Il sintomo alimentare nel suo manifestarsi va in un qualche modo ad attaccare il corpo. Che sia il dimagrimento, il vomito, o l’aumento del peso, il sintomo va ad agire sula dimensione corporea. Quando la patologia inizia, di solito il soggetto che ne è affetto prende con piacere il sintomo, oppure non gli dà importanza (come nel disturbo BED).

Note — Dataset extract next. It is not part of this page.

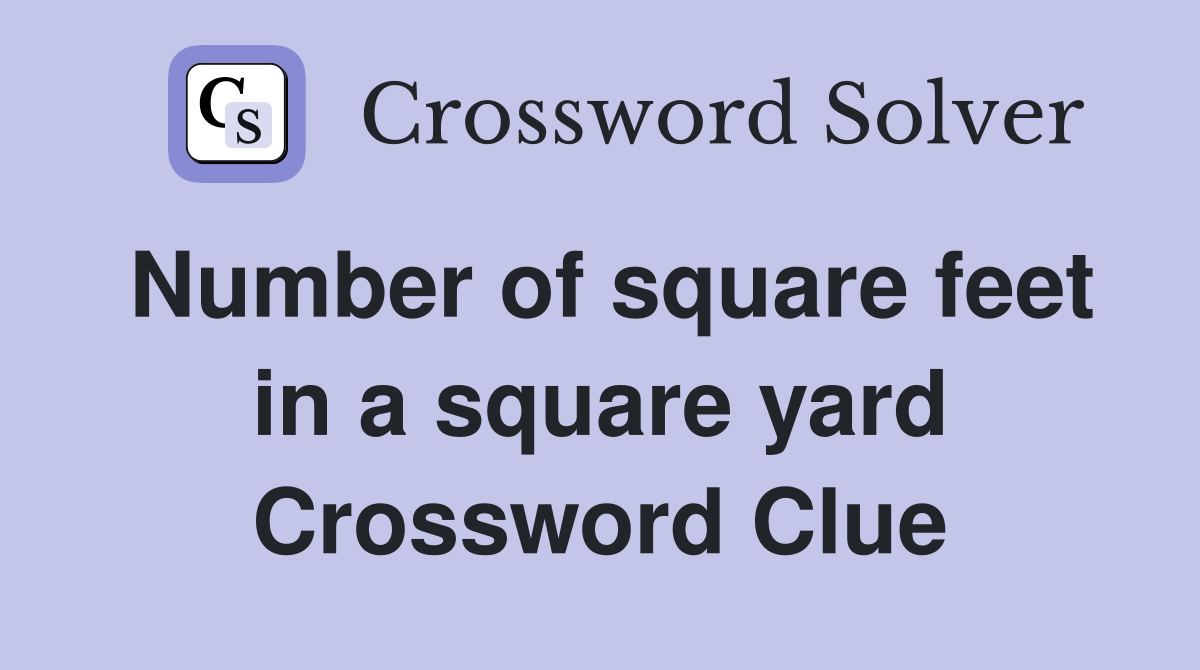 Number of square feet in a square yard Crossword Clue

Il sintomo come compromesso psicologico
La manifestazione sintomatica di un DCA, è sempre il compromesso con una problematica psicologica interna. Il sintomo però ci dice qualcosa di più, il sintomo alimentare in un qualche modo nega la problematica psicologica, in quanto esso stesso diviene il centro di interesse della paziente. La paziente inizierà a pensare alle calorie, a come vomitare, o con quali cibi abbuffarsi, ma difficilmente si chiuderà CHE COSA STA CAUSANDO TUTTO QUESTO?
L’impero del sintomo
I DCA interrogano e angosciano a partire dai sintomi, ma all’interno di un lavoro psicoterapico, si potrà vedere come sotto al sintomo ci siano le più svariate problematiche psicologiche. Un errore comune è quello di credere che sotto lo stesso sintomo, ci sia lo stesso problema. In realtà è il contrario. Sotto sintomi simili, ci possono essere anche problematiche molto diverse.
La cronicizzazione
Quando una paziente si ammalata, spesso il sintomo ha già esteso la sua egemonia sulla personalità. Purtroppo i sintomi alimentari tendono ad impoverire le personalità delle pazienti, creando una confusione tra le cause scatenanti, e il degrado psicologico prodotto dall’azione sintomatica. Questa è la dinamica che innesca la cronicità. Può accadere che un sintomo alimentare che non ha una lunga storia, possa però avere alle sue spalle una lunga storia di problematiche psicologiche che sono sfociate nel sintomo alimentare.
La cura PsicoNutrizionale
Sono questi i motivi per i quali il miglior approccio alla cura dei DCA è quello psiconutrizionale. Quando una patologia si è consolidata, sarebbe un errore privilegiare l’aspetto corporeo o l’aspetto psicologico. Ciò che è importante perseguire è una sorta di sinergia, dove mentre si cura il corpo si cura anche la mente, e ovviamente vale anche il contrario. La patologia è comunque una forma di equilibrio. La cura psiconutrizionale cerca di altare l’equilibrio patologico per cercare di ottenere una nuova forma di equilibrio che possa essere più vitale dal punto di vista psicocorporeo. NON SI PUÒ GUARIRE LA MENTE SENZA GUARIE IL CORPO, E NON SI PUÒ GUARIRE IL CORPO SENZA GUARIRE LA MENTE. Le terapie che perseguono solo un cambiamento corporeo sono nella maggioranza dei casi destinate a fallire, perché ciò che si è ammalato è l’insieme mente-corpo. Ogni disgiunzione rischia di essere solo un illusione.